Most of it is useless.
Not because it’s wrong — much of it is technically correct. It’s useless because it doesn’t help you do your job better.
The Monday Morning Test
Here’s a simple filter: The Monday Morning Test.
Take any piece of advice and ask: “Does this help me at 8am on Monday?”
Monday morning is when theory meets reality. It’s when stakeholders are waiting, deadlines are looming, and there’s no time for frameworks. You need to make decisions, ship products, and manage chaos.
Advice that passes the Monday Morning Test is practical, actionable, and grounded in reality. Advice that fails is theoretical, aspirational, or written for a world that doesn’t exist.
Examples that fail
“Product Managers should spend 40% of their time on discovery.” Fails. Most of us can’t control our time that precisely. What does this mean for Monday morning?
“Always validate with customers before building.” Fails. Sometimes you have 2 days to ship. What then?
“Use the RICE framework to prioritize objectively.” Fails. Every input to RICE is subjective. How does the math make it objective?
Examples that pass
“Before your next meeting, write down the one decision you need to make.” Passes. Clear, actionable, immediately useful.
“When you’re stuck, ask: what’s the smallest thing we could ship to learn something?” Passes. A practical lens for breaking through paralysis.
“If a PRD takes more than 5 minutes to read, it’s too long.” Passes.

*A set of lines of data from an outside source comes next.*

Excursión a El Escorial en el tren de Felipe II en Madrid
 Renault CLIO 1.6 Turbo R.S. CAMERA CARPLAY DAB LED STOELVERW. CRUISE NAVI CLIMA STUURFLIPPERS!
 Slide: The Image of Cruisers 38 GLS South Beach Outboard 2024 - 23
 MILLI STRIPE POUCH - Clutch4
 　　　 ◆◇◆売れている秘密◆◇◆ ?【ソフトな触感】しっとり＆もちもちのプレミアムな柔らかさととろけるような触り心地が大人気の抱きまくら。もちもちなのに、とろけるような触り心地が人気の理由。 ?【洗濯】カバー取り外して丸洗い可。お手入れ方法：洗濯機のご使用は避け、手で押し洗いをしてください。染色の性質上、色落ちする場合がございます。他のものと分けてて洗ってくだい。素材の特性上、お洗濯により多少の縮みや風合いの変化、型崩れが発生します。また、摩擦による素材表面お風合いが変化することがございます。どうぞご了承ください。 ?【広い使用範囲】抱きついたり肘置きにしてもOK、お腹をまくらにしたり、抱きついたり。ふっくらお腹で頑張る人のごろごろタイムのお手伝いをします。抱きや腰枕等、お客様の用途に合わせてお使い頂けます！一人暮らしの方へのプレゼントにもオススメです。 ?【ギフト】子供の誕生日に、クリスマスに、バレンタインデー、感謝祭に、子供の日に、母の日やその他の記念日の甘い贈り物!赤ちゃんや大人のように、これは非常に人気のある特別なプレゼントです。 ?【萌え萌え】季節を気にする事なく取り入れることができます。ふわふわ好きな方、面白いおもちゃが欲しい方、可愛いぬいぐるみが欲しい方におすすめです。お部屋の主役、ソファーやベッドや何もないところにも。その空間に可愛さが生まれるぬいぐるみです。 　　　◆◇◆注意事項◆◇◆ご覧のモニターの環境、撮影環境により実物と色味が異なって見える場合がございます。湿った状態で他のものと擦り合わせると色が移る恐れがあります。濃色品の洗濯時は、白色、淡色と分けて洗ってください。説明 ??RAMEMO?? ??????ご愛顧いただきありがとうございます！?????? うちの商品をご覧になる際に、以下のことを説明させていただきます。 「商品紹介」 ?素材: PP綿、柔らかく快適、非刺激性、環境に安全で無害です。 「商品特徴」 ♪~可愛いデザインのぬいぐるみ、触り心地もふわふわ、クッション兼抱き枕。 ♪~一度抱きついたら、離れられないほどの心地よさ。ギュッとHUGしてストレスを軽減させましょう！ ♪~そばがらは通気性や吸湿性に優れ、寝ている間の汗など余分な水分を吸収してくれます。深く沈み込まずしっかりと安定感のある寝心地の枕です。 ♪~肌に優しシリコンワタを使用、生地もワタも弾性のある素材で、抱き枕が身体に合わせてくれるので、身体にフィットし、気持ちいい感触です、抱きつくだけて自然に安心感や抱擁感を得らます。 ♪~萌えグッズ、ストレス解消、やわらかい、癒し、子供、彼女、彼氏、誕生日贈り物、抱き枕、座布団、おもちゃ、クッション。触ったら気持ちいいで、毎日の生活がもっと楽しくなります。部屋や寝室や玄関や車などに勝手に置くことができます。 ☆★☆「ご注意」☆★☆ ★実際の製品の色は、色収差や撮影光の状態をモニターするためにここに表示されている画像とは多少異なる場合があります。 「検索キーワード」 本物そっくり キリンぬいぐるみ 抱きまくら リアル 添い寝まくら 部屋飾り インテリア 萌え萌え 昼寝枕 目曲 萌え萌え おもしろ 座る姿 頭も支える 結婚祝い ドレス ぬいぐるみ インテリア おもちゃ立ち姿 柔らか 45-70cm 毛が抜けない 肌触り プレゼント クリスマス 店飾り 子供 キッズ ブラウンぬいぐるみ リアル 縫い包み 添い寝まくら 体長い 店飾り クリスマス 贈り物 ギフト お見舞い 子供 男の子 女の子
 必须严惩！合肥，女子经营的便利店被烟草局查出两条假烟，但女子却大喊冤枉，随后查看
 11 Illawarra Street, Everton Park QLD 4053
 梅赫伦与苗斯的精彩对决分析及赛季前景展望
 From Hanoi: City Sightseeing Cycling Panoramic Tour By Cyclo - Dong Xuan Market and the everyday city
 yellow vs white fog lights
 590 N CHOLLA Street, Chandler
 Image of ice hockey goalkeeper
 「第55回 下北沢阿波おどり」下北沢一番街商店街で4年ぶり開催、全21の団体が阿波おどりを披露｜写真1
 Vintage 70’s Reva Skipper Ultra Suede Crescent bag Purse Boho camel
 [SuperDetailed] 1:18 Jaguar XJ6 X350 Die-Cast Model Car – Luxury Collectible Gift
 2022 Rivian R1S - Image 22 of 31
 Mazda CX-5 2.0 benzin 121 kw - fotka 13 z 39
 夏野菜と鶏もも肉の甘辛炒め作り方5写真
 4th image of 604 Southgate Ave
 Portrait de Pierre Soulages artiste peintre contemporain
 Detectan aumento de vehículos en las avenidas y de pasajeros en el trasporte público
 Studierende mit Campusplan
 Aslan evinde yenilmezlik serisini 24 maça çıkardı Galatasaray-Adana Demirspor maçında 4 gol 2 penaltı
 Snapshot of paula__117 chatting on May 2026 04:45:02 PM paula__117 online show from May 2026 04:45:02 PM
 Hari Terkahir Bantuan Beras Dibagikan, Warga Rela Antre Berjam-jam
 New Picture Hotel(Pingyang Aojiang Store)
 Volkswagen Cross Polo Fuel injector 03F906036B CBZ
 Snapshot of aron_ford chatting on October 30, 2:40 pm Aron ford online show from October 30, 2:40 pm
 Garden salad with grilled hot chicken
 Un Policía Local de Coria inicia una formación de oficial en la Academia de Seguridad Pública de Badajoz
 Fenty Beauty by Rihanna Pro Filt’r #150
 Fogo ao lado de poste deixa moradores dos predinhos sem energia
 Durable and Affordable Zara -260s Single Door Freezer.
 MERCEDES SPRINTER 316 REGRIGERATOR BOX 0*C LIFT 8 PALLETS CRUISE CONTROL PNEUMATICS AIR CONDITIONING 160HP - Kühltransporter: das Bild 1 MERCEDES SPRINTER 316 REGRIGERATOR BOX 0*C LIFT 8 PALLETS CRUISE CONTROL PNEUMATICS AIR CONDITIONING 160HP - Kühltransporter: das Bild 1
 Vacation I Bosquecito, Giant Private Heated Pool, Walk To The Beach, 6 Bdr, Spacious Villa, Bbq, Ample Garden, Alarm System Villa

A concrete rule you can apply right now.
Applying the test
Next time you read advice, watch a video, or attend a talk, run the Monday Morning Test.
Ask yourself:
- Can I use this tomorrow?
- Does it work with my constraints?
- Does it assume resources or time I don’t have?
If the answer is no, move on. Life is too short for advice that sounds good but doesn’t work.
Why Sancho PM exists
This test is why Sancho PM exists.
Every piece of content here is written to pass the Monday Morning Test. If it doesn’t help you at 8am on Monday, it shouldn’t be here.
That’s the pragmatic approach. That’s what Sancho Panza would do.